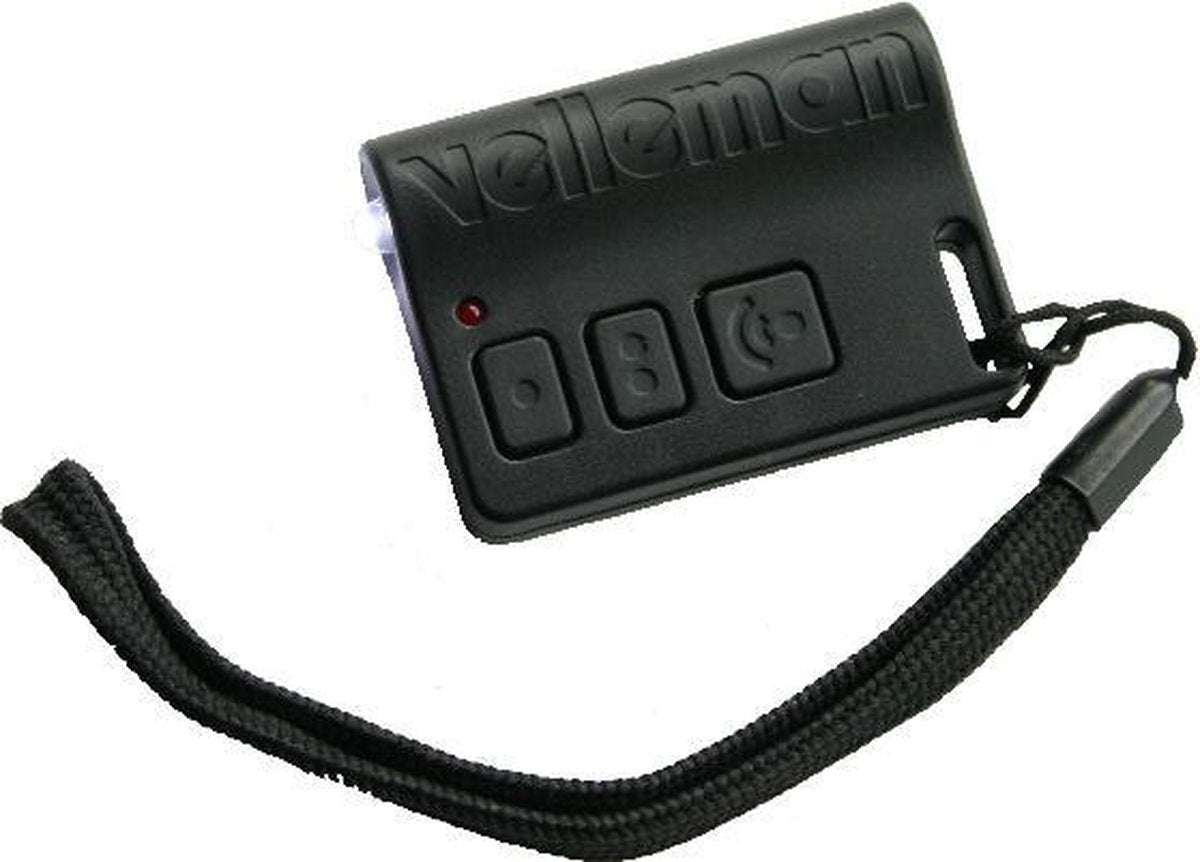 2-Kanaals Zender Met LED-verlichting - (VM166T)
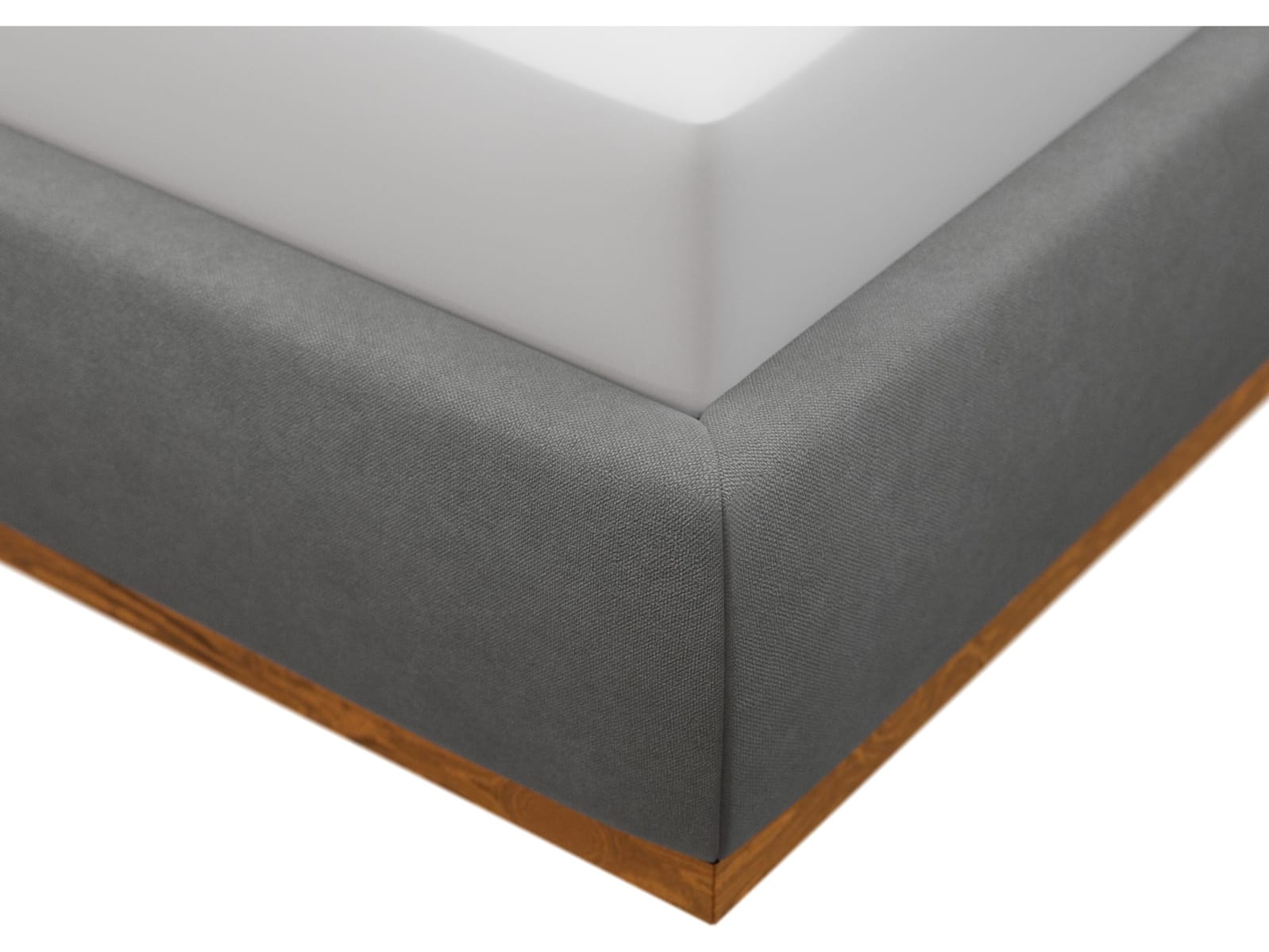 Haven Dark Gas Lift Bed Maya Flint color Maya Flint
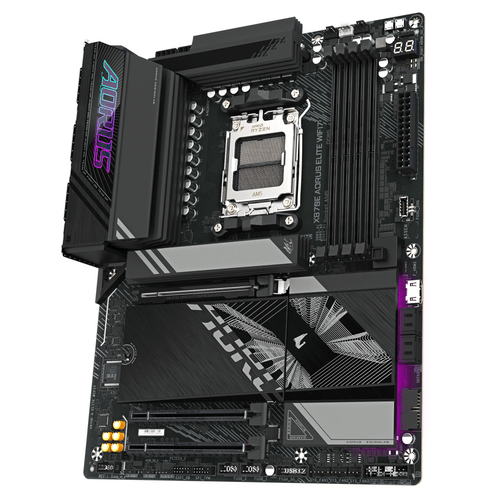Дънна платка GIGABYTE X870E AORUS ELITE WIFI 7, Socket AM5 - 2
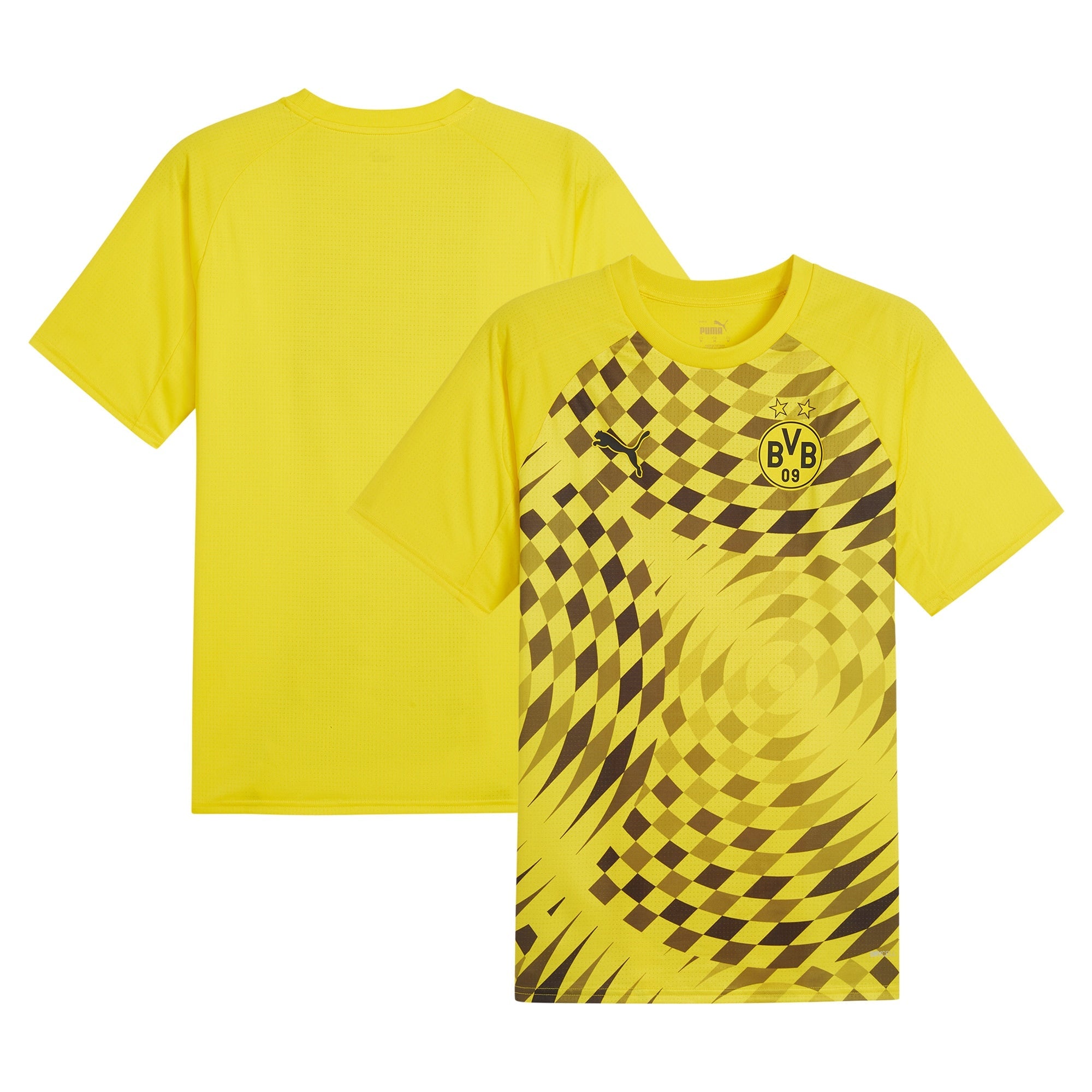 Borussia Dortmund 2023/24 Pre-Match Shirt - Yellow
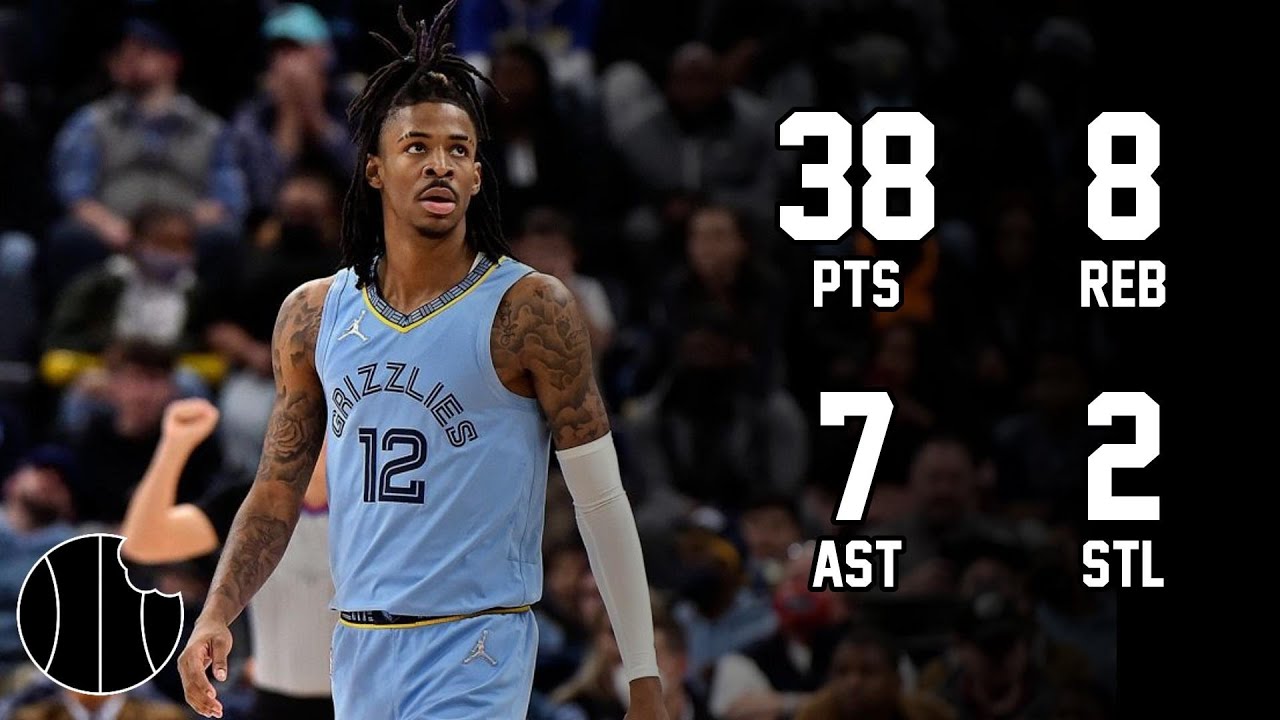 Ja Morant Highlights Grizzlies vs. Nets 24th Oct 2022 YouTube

> WHAT THIS TASK INVOLVES: Repeat the listing verbatim without its pictures.

> ANSWER FOR THIS EXERCISE:
 2-Kanaals Zender Met LED-verlichting - (VM166T)
 Haven Dark Gas Lift Bed Maya Flint color Maya Flint
Дънна платка GIGABYTE X870E AORUS ELITE WIFI 7, Socket AM5 - 2
 Borussia Dortmund 2023/24 Pre-Match Shirt - Yellow
 Ja Morant Highlights Grizzlies vs. Nets 24th Oct 2022 YouTube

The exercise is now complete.